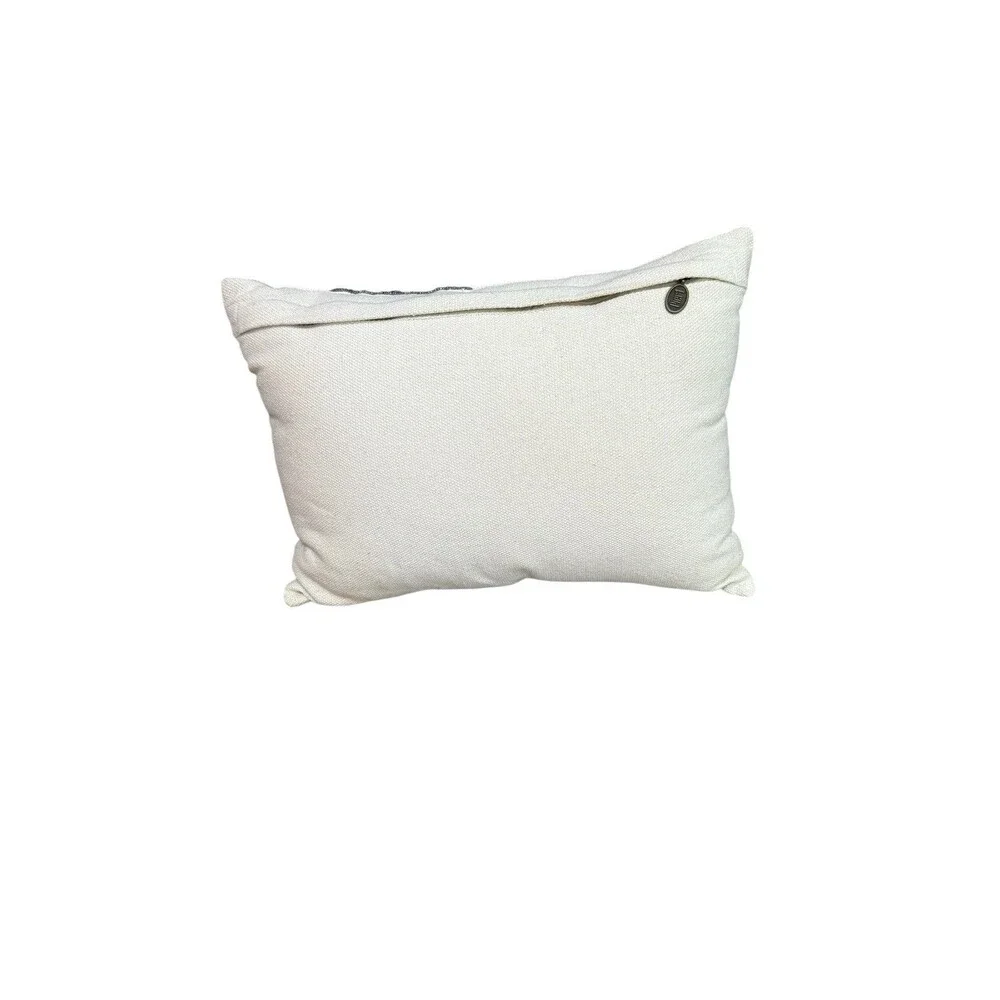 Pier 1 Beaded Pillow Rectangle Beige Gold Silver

---

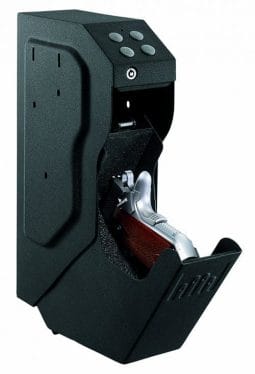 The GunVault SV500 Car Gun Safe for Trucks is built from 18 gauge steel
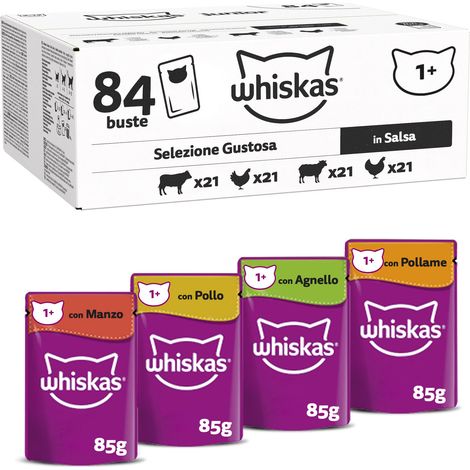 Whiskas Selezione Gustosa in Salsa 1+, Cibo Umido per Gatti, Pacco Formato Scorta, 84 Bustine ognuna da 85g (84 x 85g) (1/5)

→ **TO DO**
Between and including the line with "The GunVault SV500" and the line with "Whiskas Selezione Gustosa", repeat every line exactly as it appears above, with pictures left out.

→ **THE ANSWER**
 The GunVault SV500 Car Gun Safe for Trucks is built from 18 gauge steel
 Whiskas Selezione Gustosa in Salsa 1+, Cibo Umido per Gatti, Pacco Formato Scorta, 84 Bustine ognuna da 85g (84 x 85g) (1/5)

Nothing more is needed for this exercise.